Second, I have worked in Singapore, Malaysia, Taiwan and Hong Kong, so I have worked in Chinese markets before. I know culturally, they are devils [laughter], but it’s really the last bastion for exciting experience. If you want to be a part of the people and the market in a new place and understand it, you need to make a long-term commitment. It takes time to learn and understand a new market and new clients. When I came to Singapore, it was also new for me, and very diverse, and I committed myself to a long-term stay. Now I have made that commitment to China.

AdAgeChina: Certainly in China, Universal McCann has had a tough time getting established. Do you think it will be difficult to build up the agency?

Mr. Singh: Universal McCann has had some senior management changes in the past year, starting with the arrival of [New York-based CEO] Nick Brien and then [Singapore-based president, Asia/Pacific] David Morgan, and that speaks highly of the coming changes, their determination to get the right people into place, and investing more into growth markets. That’s one confidence level.

My challenge is to build up the UM brand, bring in new knowledge for clients and staff. All businesses are cyclical, I think the next thing now is UM and Asia/Pacific across the board. UM has set up a lot of new planning tools, a new communication planning system, ROI disciplines, more digital expertise.

But UM has gone through a difficult phase, it's had a few leadership issues. I need to establish that I’m there for the long term and want to understand staff issues. I will also be getting my hands dirty straight away, I plan to pull my feet up and take a deep dive.

AdAgeChina: You're from India, Asia’s other powerhouse economy. How does India compare to China?

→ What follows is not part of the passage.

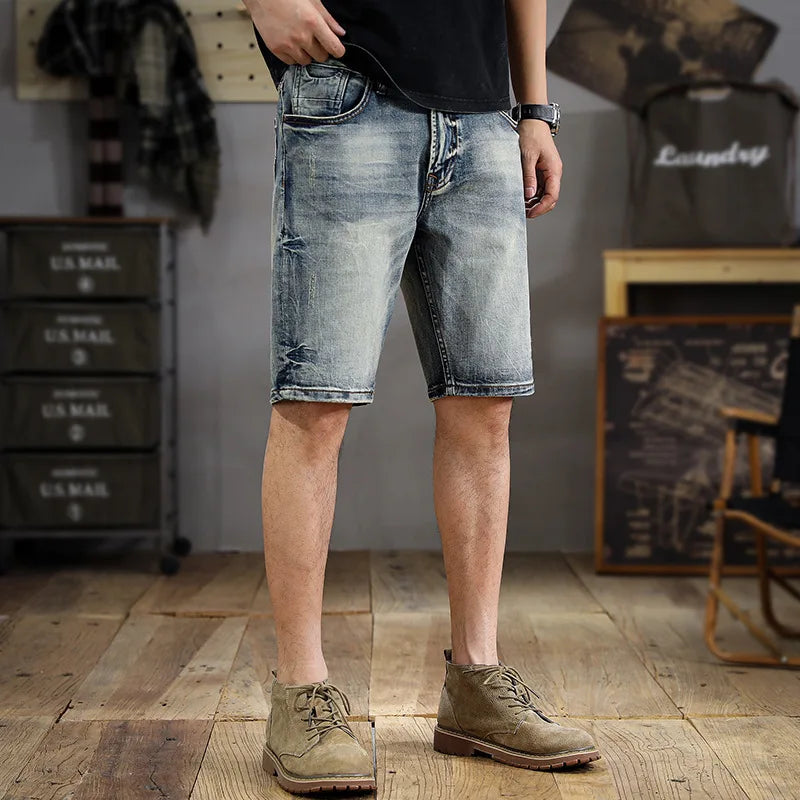 Hehope 2024 new high-end retro washed men's jeans shorts summer new fashion casual street fashion all-match slim straight pants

Mr. Singh: India has been hot for the past three years, but China has been hot for almost ten years, and it’s still hot. Ad budgets are much larger in China compared to India, but both media markets are fairly open. China is far ahead in some key sectors, like consumer products. But India is catching up. GDP growth is about 10% in China, while in India it's about 9%, touching double digits now.

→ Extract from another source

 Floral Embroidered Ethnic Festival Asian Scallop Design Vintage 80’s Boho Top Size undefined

AdAgeChina: Working in China depends a lot on maintaining good business relationships. Do you think it will be difficult for Chinese to accept an Indian?

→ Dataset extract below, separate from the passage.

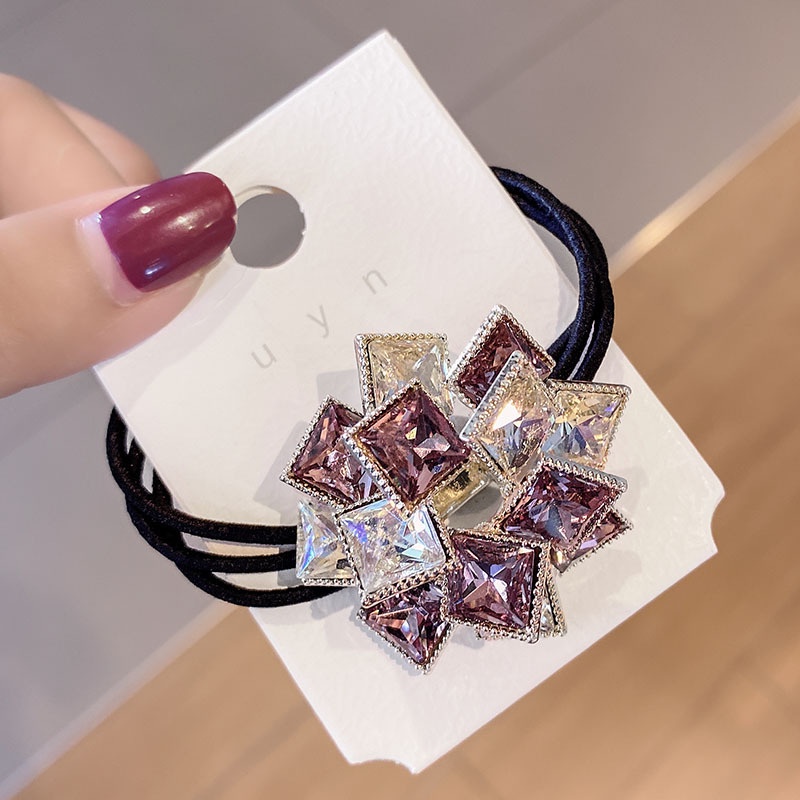 Dây buộc tóc cao su đính đá vuông thời trang Hàn Quốc cao cấp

Mr. Singh: Singapore is multicultural and multiethnic, but is dominated by Chinese, and about 2/3 of my clients there were Chinese. I’ve worked in Hong Kong too and I was also accepted there. I don’t think today it’s a question of race or color, it’s about the skills that you bring to the organization. Sure, there are always other factors at work, but people in business will always accept people who can add value to their bottom line. I started learning Mandarin almost a year ago, so hopefully I can communicate a little bit. Initially, I want to bring more energy into the office.

Other people news in Greater China

[shanghai] Focus Media Holding, China’s largest out-of-home multiplatform media company, has promoted Tan Zhi to president, from senior VP, based in Shanghai. Before joining the company in October 2005, he was CEO of Framedia, now a wholly owned subsidiary of Focus Media. He succeeds David Yu Feng, who resigned as president but remains co-chairman of Focus Media’s board.